Cocaine And Other Controlled Substances Found In UK Shrimps
Are we going to have another major pollutant of the world oceans in the near future, after oil, chemicals and, most recently, plastic, we may soon be speaking of intoxication of marine life with controlled substances such as amphetamines, heroin and cocaine.
A life-jacket packed up with 170 kg of high-quality cocaine washed ashore at Cape Shabla in northeastern Bulgaria on April 10th, Europost reported.
On May 1st, the BBC wrote that scientists from the King’s College in London had found cocaine in freshwater shrimps when testing rivers for chemicals.
The researchers tested fifteen different river locations across Suffolk in collaboration with local scientists. Their report revealed that cocaine was found in all of the collected samples.
Surprisingly, the shrimps tested positive for other controlled substances, such as ketamine, were also widespread in the shrimp.

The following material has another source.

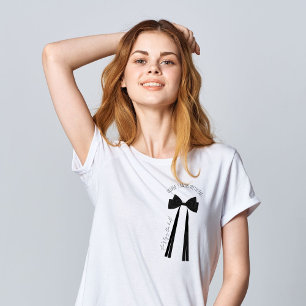 She is tying the knot black bow bachelorette T-Shirt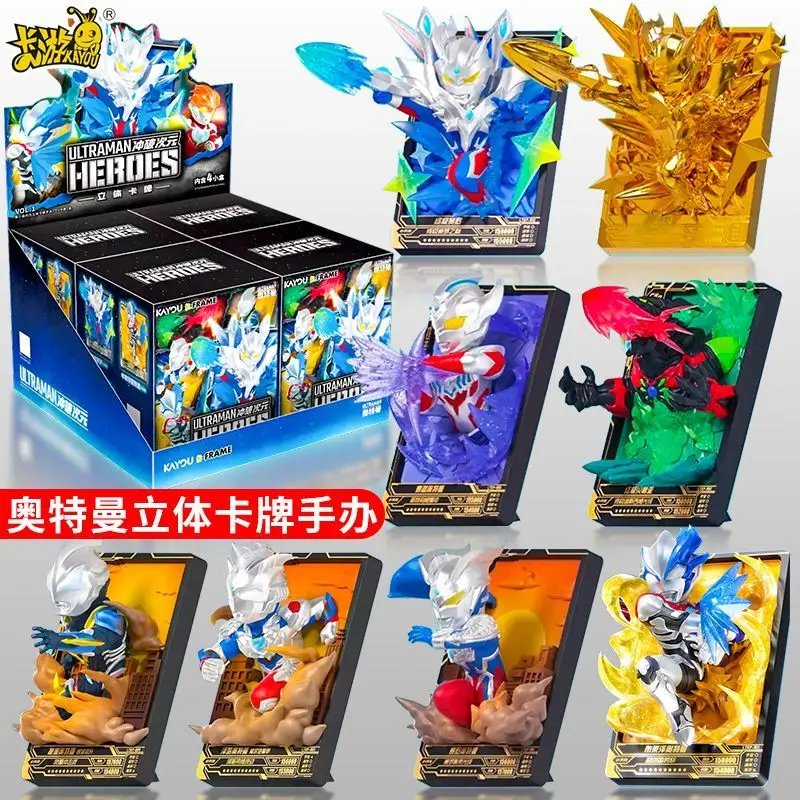KAYOU Ultraman 3d Card Puppet Breaking Through Dimensions 1st Generation 3d Figurine Zeta Ultimate Sairo Blind Box Toy Gifts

This news makes me think we are soon going to have one more major ocean pollutant to deal with. If plastic pollution can be attributed, in part at least, to our desire for practicality, the pollution of the oceans with controlled substances is a clear illustration of human greed!
Professor Nic Bury, from the University of Suffolk, said: “Whether the presence of cocaine in aquatic animals is an issue for Suffolk, or more widespread an occurrence in the UK and abroad, awaits further research.
“Environmental health has attracted much attention from the public due to challenges associated with climate change and microplastic pollution.
“However, the impact of ‘invisible’ chemical pollution (such as drugs) on wildlife health needs more focus in the UK,” he added
The study, published in Environment International, looked at the exposure of wildlife, such as the freshwater shrimp Gammarus pulex, to different micropollutants.
Researchers collected the samples from the rivers Alde, Box, Deben, Gipping and Waveney.
They said in addition to the drugs, banned pesticides and pharmaceuticals were also widespread in the shrimp that were collected.
The potential for any effect on the creatures was “likely to be low”, they said.
Dr Leon Barron, from King’s College London, said: “Such regular occurrence of illicit drugs in wildlife was surprising.
“We might expect to see these in urban areas such as London, but not in smaller and more rural catchments.
“The presence of pesticides which have long been banned in the UK also poses a particular challenge as the sources of these remain unclear.”
One of the plausible explanations for the presence of controlled substances in these rivers in the English countryside may be that they have been disposed of there by their owners, who feared prosecution.
As a result, the locals are now catching doped shrimp and this is just the beginning of a looming global environmental threat!